TASK GOAL: Reproduce, exactly and in full, only the lines below from the one containing "美品　MacBook Pro 13インチ　M1 2020モデル　シルバー" through the one containing "Volkswagen Multivan foto 2".

RECORD SET:
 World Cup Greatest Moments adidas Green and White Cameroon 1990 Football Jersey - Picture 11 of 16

* * *

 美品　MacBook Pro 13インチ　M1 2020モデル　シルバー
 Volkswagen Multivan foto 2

--

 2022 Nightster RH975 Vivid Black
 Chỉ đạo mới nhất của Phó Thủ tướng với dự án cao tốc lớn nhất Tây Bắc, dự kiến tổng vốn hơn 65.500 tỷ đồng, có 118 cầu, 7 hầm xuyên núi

OUTPUT BELOW:
 美品　MacBook Pro 13インチ　M1 2020モデル　シルバー
 Volkswagen Multivan foto 2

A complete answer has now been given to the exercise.